Exercise goal: Leave every picture out and print exactly the lines that run from the one containing "Organizador de mesa" to the end of the listing.
>>>>
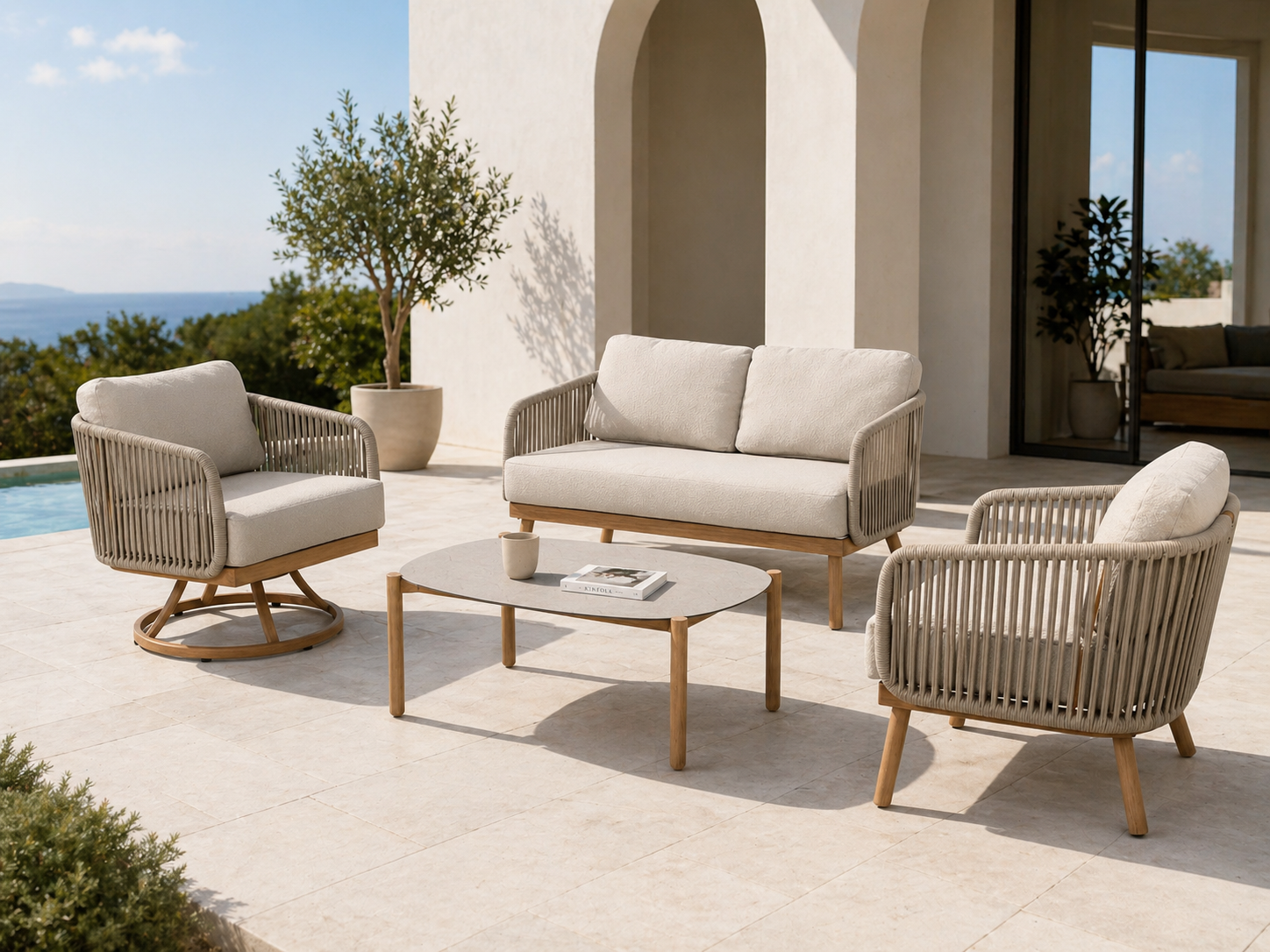 Haven Patio Sofa Set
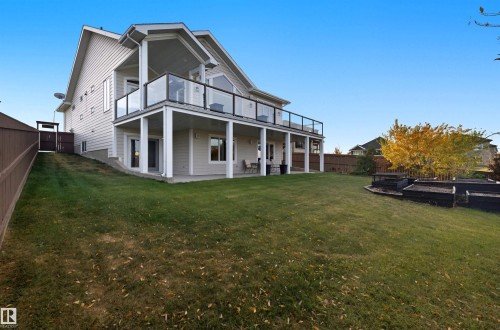 10504 103 Avenue, Morinville, AB - Outdoor With Deck Patio Veranda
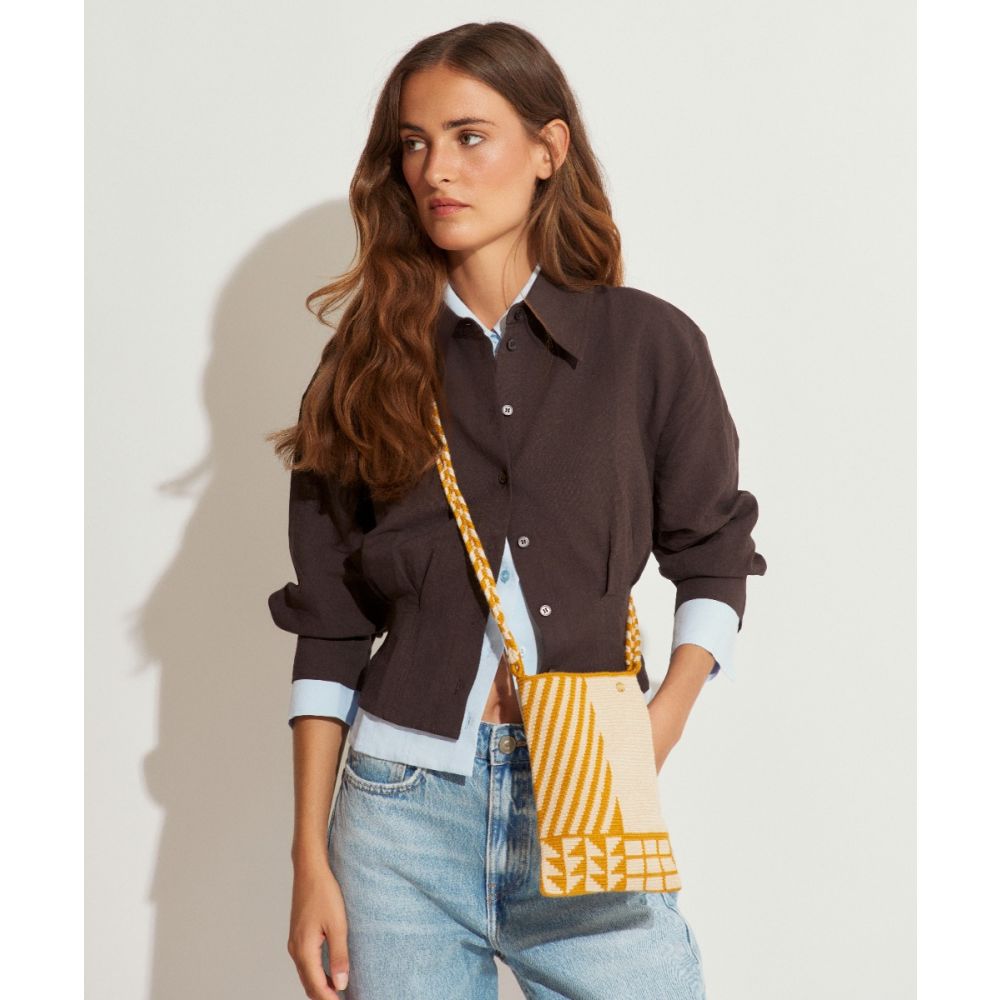 BOLSO OPERA - LOTUS - OCRE & BEIGE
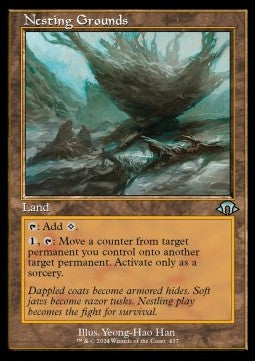 Nesting Grounds - Modern Horizons 3: Extras (Uncommon) [XMH3-437]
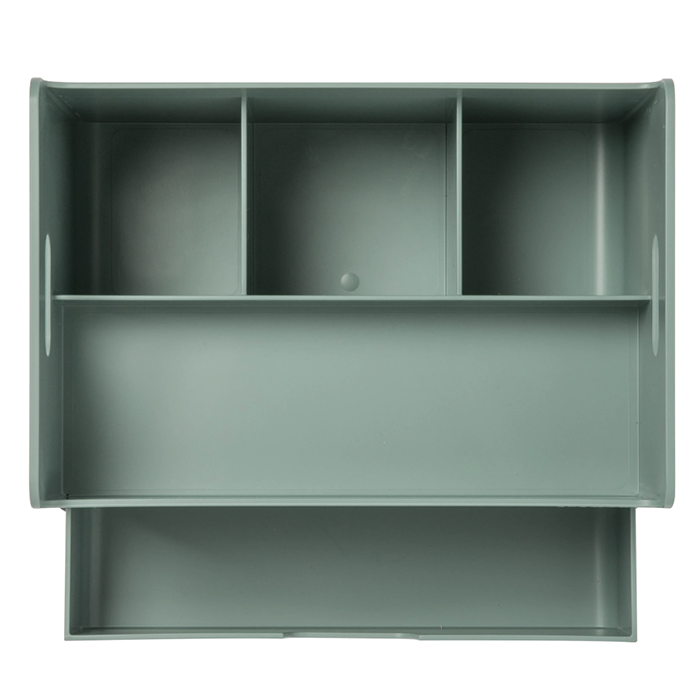 Organizador de mesa Combo Desk Verde Cobalto*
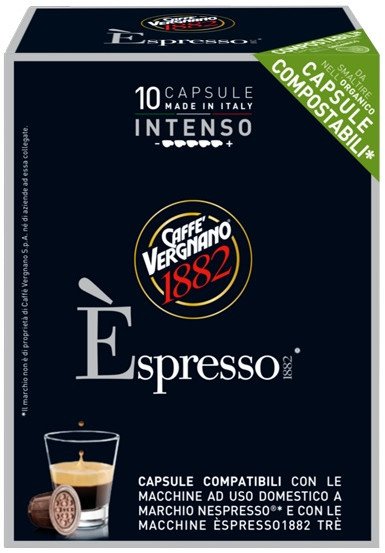 Caffe Vergnano Kapsułki do ekspresu Intenso Nespresso 10 szt. -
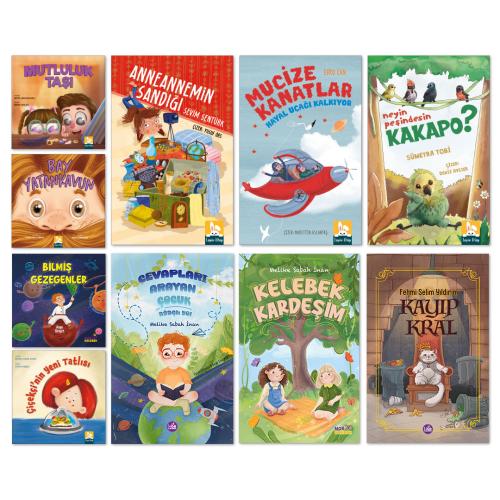 Yatmadan Önce Hikayeler 10 Kitap Bir Arada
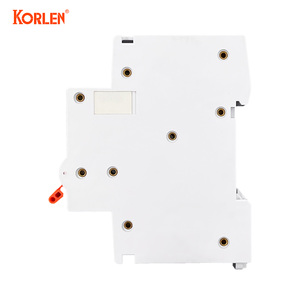 Автоматический выключатель KORLEN 1P+N MCB с защитой от утечки тока, крепление на DIN-рейку, сила отключения 6 кА, 250-1000В, материал PA66 - Product Image 2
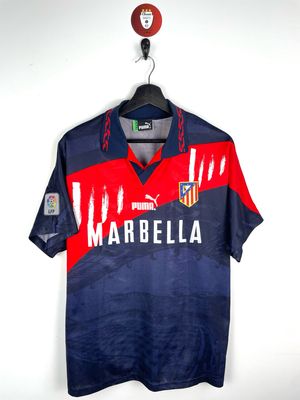 Atletico Madrid 1994-96 away shirt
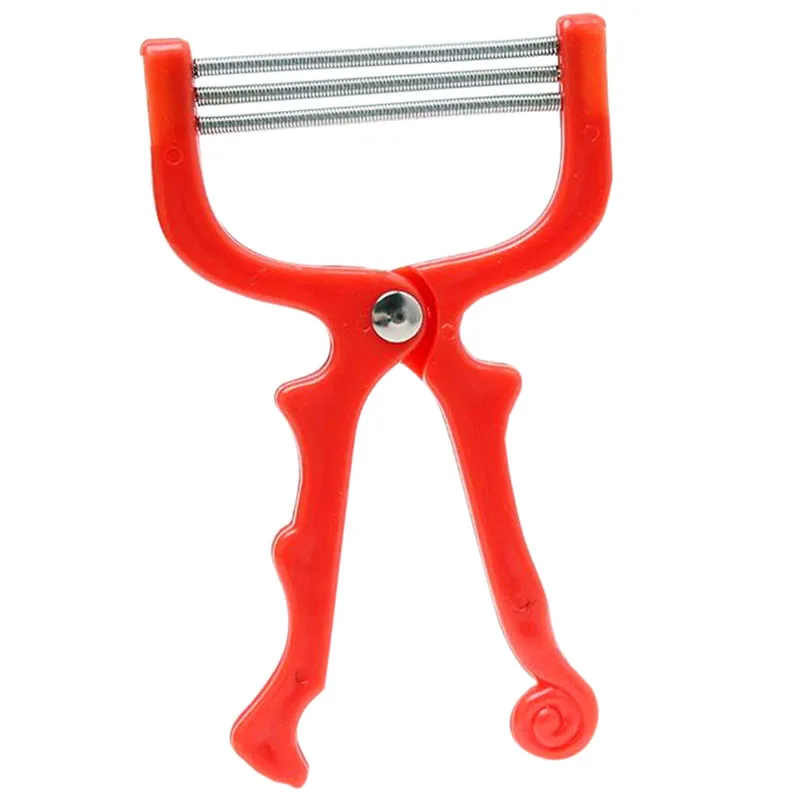 

New Fashion Facial Hair Epilator Hair Removal Device Sale Plastic Resin Stainless Steel Spring Face Hair Shaving Tool -27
<<<<
Response:
 Organizador de mesa Combo Desk Verde Cobalto*
 Caffe Vergnano Kapsułki do ekspresu Intenso Nespresso 10 szt. -
 Yatmadan Önce Hikayeler 10 Kitap Bir Arada
 Автоматический выключатель KORLEN 1P+N MCB с защитой от утечки тока, крепление на DIN-рейку, сила отключения 6 кА, 250-1000В, материал PA66 - Product Image 2
 Atletico Madrid 1994-96 away shirt

New Fashion Facial Hair Epilator Hair Removal Device Sale Plastic Resin Stainless Steel Spring Face Hair Shaving Tool -27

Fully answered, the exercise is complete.